> [TASK DETAILS]: The lines below, from the one holding "Moncler kids navy puffer down vest 5 years" through the final line, are to be copied exactly, with no other lines and no pictures.

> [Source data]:
*** Block opens ***

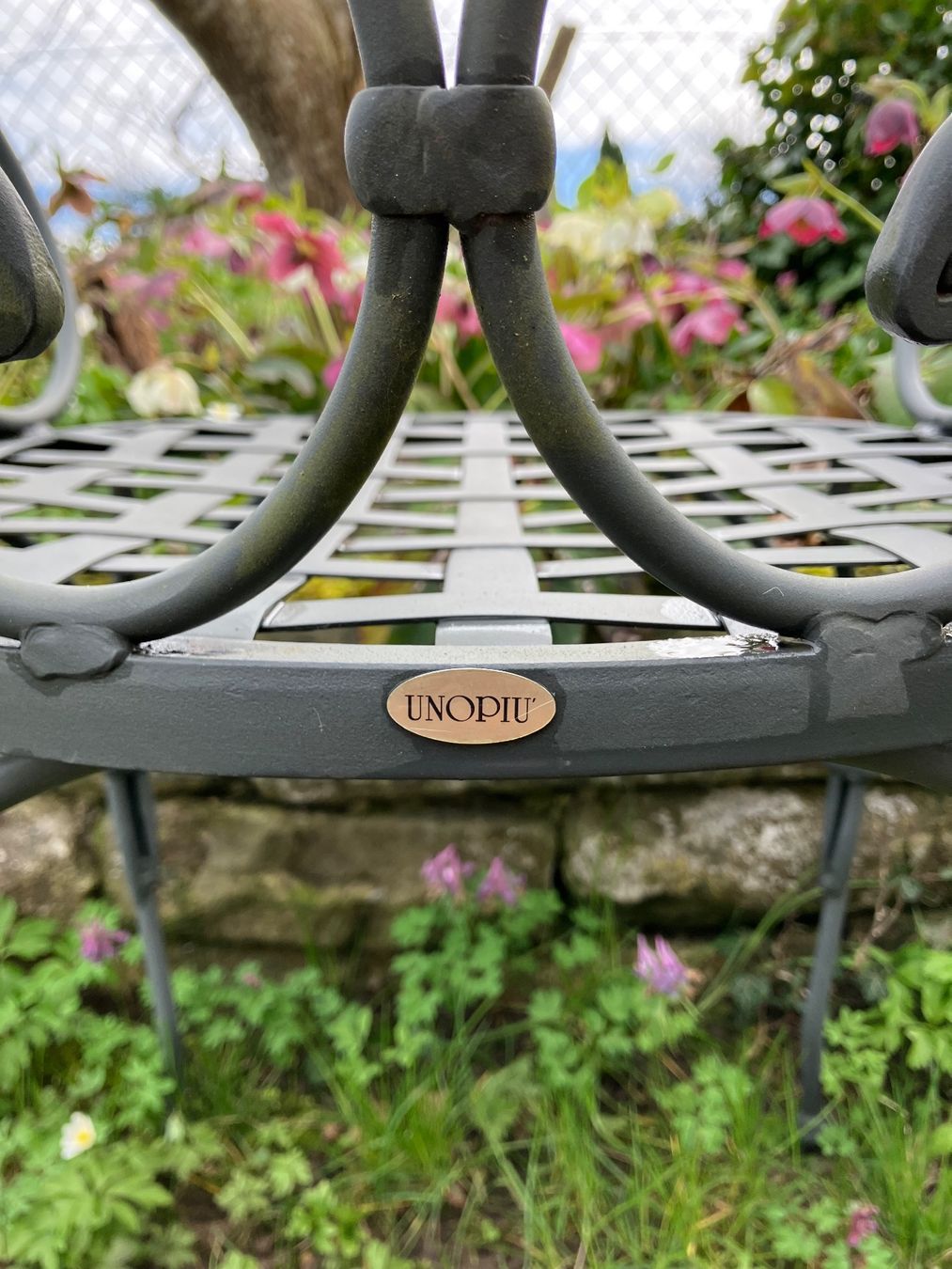 Set di tavolo e panche: Gartentisch mit 4 Stühle Unopio – Usato da Basel venduto da ape_f6ml 3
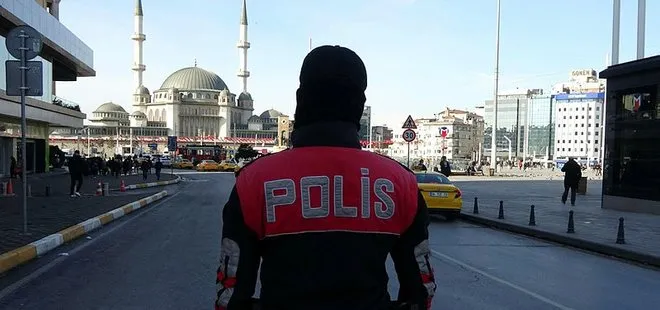 Son dakika: Taksim’de sokağa çıkma kısıtlamasında bu kez turistlere ceza yağdı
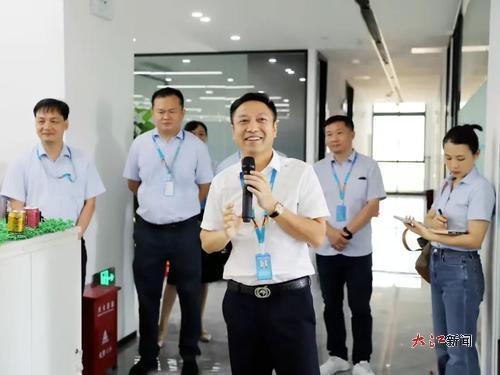 刘昊(中)在工作中(受访者供图)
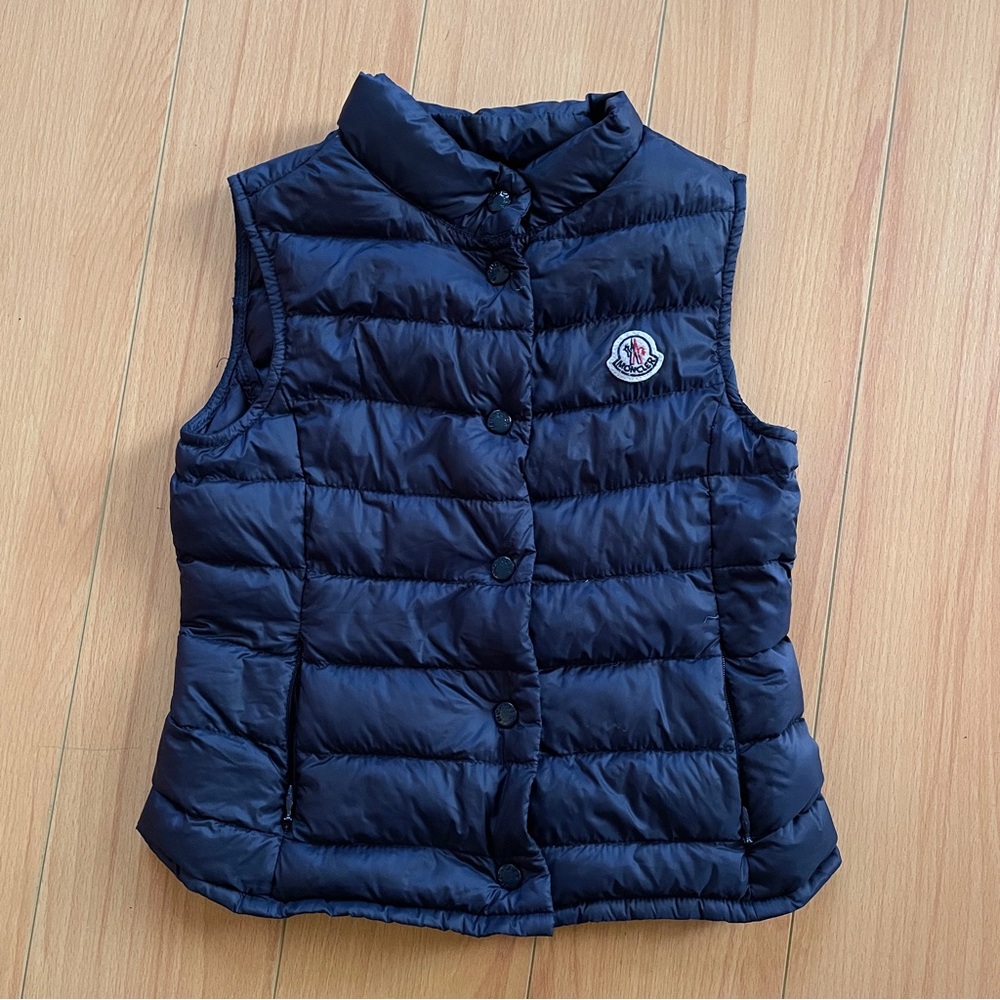 Moncler kids navy puffer down vest 5 years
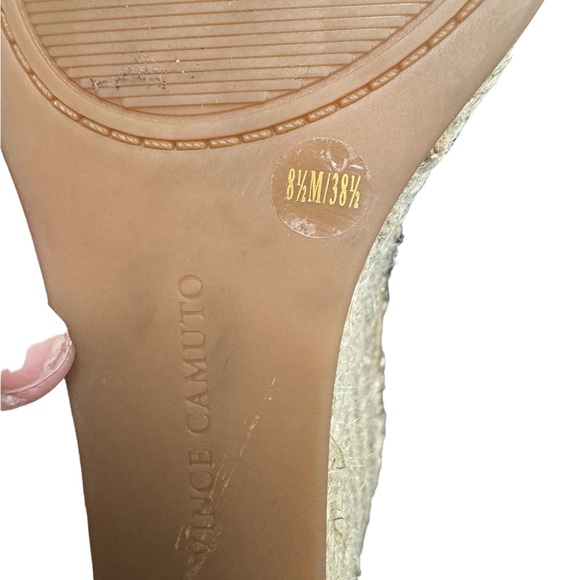 Like New Vince Camuto Wedges - Picture 6 of 8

*** Block closes ***

> [ANSWER AREA]:
 Moncler kids navy puffer down vest 5 years
 Like New Vince Camuto Wedges - Picture 6 of 8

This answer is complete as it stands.